BEGIN DATA SECTION
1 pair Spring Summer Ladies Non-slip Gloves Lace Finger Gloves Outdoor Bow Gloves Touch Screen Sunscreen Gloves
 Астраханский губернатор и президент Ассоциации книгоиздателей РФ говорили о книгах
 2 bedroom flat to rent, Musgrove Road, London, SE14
END DATA SECTION
• [TASK DETAILS] Write out the material above exactly and in full.

• [RESPONSE FOR THIS EXERCISE]
1 pair Spring Summer Ladies Non-slip Gloves Lace Finger Gloves Outdoor Bow Gloves Touch Screen Sunscreen Gloves
 Астраханский губернатор и президент Ассоциации книгоиздателей РФ говорили о книгах
 2 bedroom flat to rent, Musgrove Road, London, SE14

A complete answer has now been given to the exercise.